[RAW DATA — start]

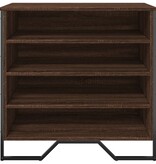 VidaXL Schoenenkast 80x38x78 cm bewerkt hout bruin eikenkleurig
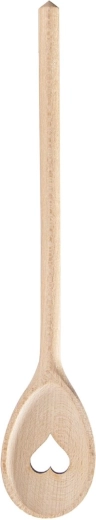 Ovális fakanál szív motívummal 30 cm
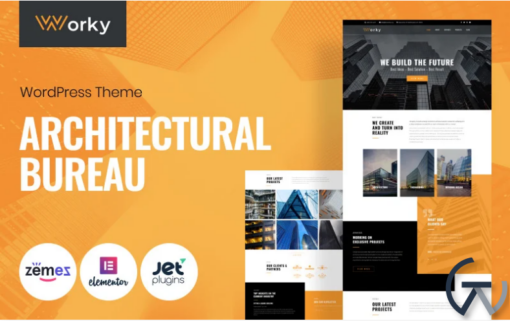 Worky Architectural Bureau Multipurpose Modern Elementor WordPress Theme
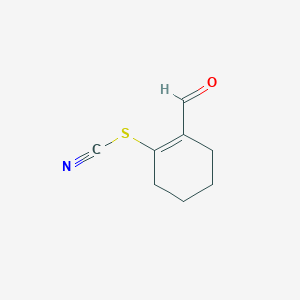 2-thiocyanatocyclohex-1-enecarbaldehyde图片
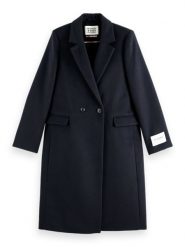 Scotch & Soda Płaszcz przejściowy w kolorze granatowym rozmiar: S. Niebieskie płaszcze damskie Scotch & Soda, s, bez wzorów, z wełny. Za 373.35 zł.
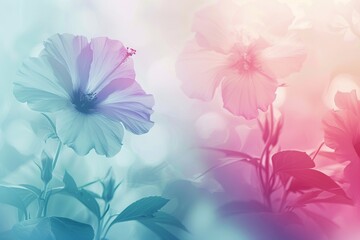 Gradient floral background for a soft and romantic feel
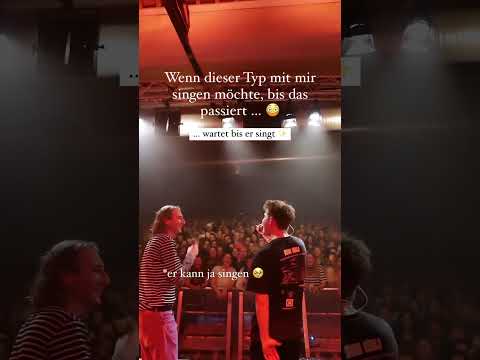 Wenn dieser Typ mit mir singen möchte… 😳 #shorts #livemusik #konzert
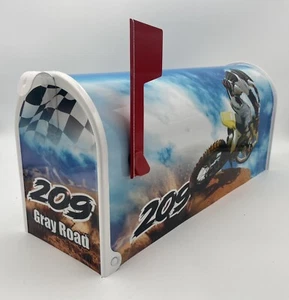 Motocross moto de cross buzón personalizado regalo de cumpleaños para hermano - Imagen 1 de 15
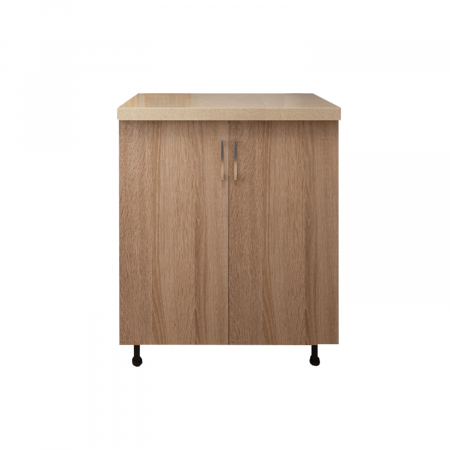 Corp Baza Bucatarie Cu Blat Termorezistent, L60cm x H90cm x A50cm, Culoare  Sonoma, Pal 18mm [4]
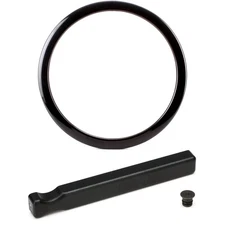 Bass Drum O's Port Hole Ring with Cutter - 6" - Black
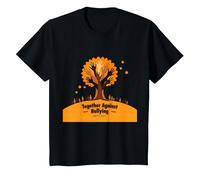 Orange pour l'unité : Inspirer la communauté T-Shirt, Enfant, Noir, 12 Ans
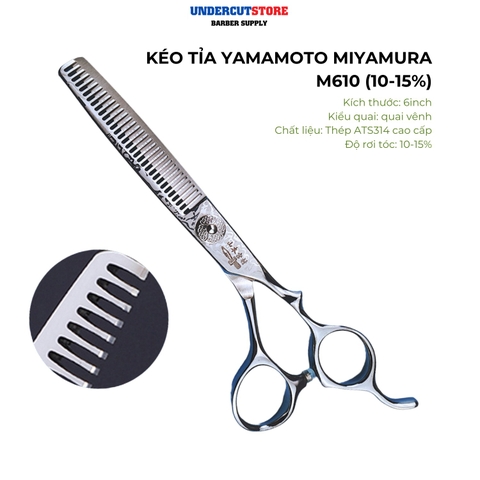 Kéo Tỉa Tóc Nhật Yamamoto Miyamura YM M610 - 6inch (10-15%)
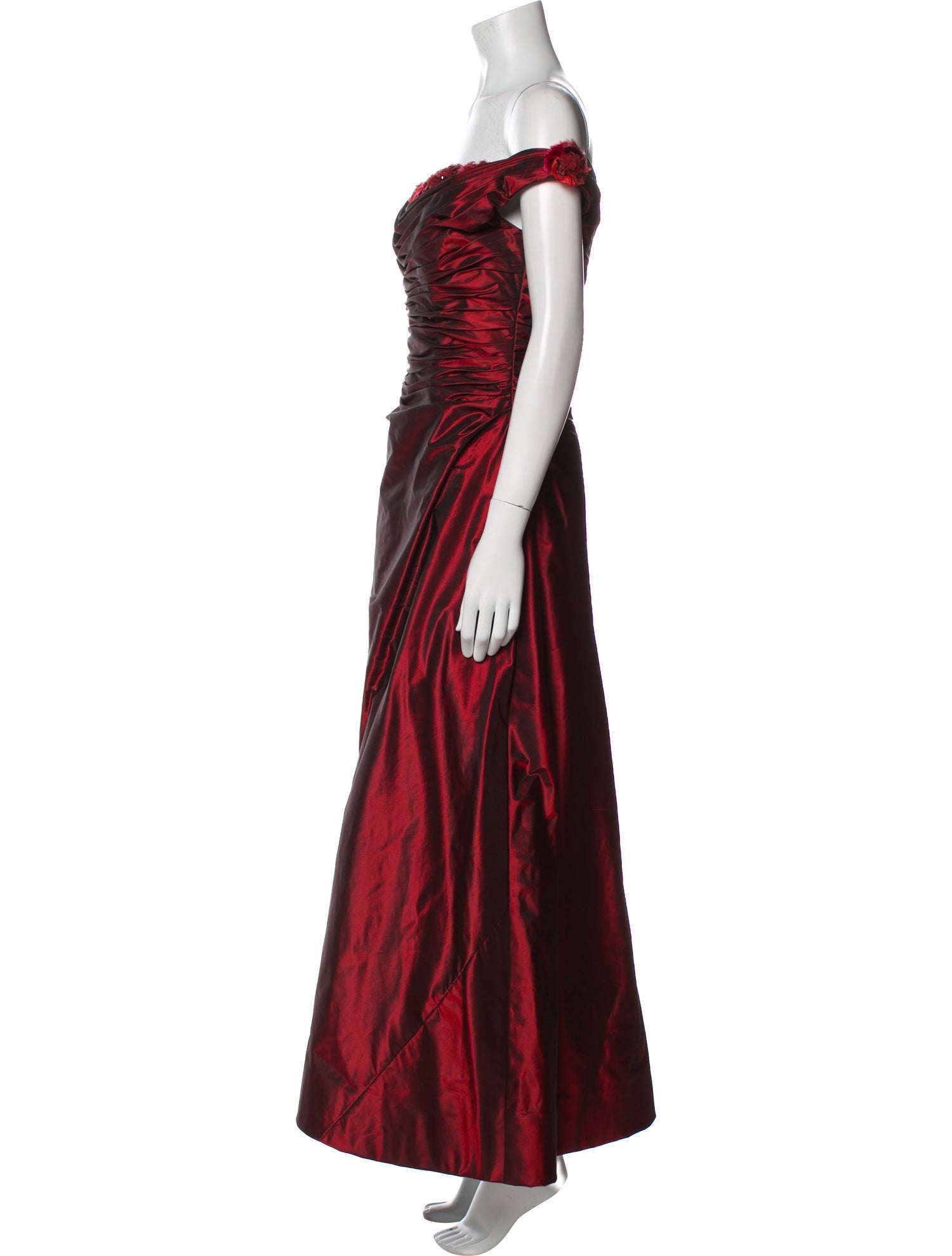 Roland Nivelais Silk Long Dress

[RAW DATA — finish]

Only the records, copied exactly and without pictures, should make up the answer.

 VidaXL Schoenenkast 80x38x78 cm bewerkt hout bruin eikenkleurig
 Ovális fakanál szív motívummal 30 cm
 Worky Architectural Bureau Multipurpose Modern Elementor WordPress Theme
 2-thiocyanatocyclohex-1-enecarbaldehyde图片
 Scotch & Soda Płaszcz przejściowy w kolorze granatowym rozmiar: S. Niebieskie płaszcze damskie Scotch & Soda, s, bez wzorów, z wełny. Za 373.35 zł.
 Gradient floral background for a soft and romantic feel
 Wenn dieser Typ mit mir singen möchte… 😳 #shorts #livemusik #konzert
 Motocross moto de cross buzón personalizado regalo de cumpleaños para hermano - Imagen 1 de 15
 Corp Baza Bucatarie Cu Blat Termorezistent, L60cm x H90cm x A50cm, Culoare  Sonoma, Pal 18mm [4]
 Bass Drum O's Port Hole Ring with Cutter - 6" - Black
 Orange pour l'unité : Inspirer la communauté T-Shirt, Enfant, Noir, 12 Ans
 Kéo Tỉa Tóc Nhật Yamamoto Miyamura YM M610 - 6inch (10-15%)
 Roland Nivelais Silk Long Dress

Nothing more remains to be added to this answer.